Komisja Europejska zdecydowanie odcięła się od wczorajszych wypowiedzi premiera Włoch Silvio Berlusconiego na temat sytuacji w Czeczenii i koncernu naftowego Jukos.
Szef rządu Włoch, które przewodzą w tym półroczu Unii, wystąpił wczoraj na szczycie UE - Rosja jako obrońca prezydenta Rosji. Na wspólnej konferencji prasowej z Władimirem Putinem włoski premier oskarżył media o "wymyślanie bajek" o sytuacji w Czeczenii.
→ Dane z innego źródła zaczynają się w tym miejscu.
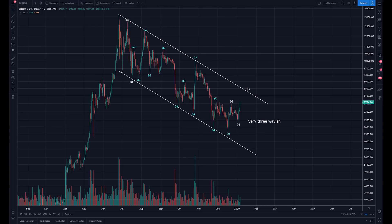Good morning, good evening, good afternoon, depending on where you are in this world. This is Hajin Lee and I will share with you what a three-wave structure looks like and what it usually means.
Zbył też pytania dotyczące aresztowania szefa Jukosu, Michaiła Chodorkowskiego. Berlusconi powiedział jedynie, że media przedstawiły sprawę koncernu Jukos niezgodnie z prawdą i zapewnił, że ma na ten temat "wiarygodne informacje pochodzące ze źródeł włoskich".
W oficjalnym komunikacie Komisja Europejska stwierdziła, że Berlusconi przedstawiał wyłącznie prywatne poglądy. KE oświadczyła też, że sprawa Jukosu budzi niepokój o bezpieczeństwo inwestycji zagranicznych w Rosji.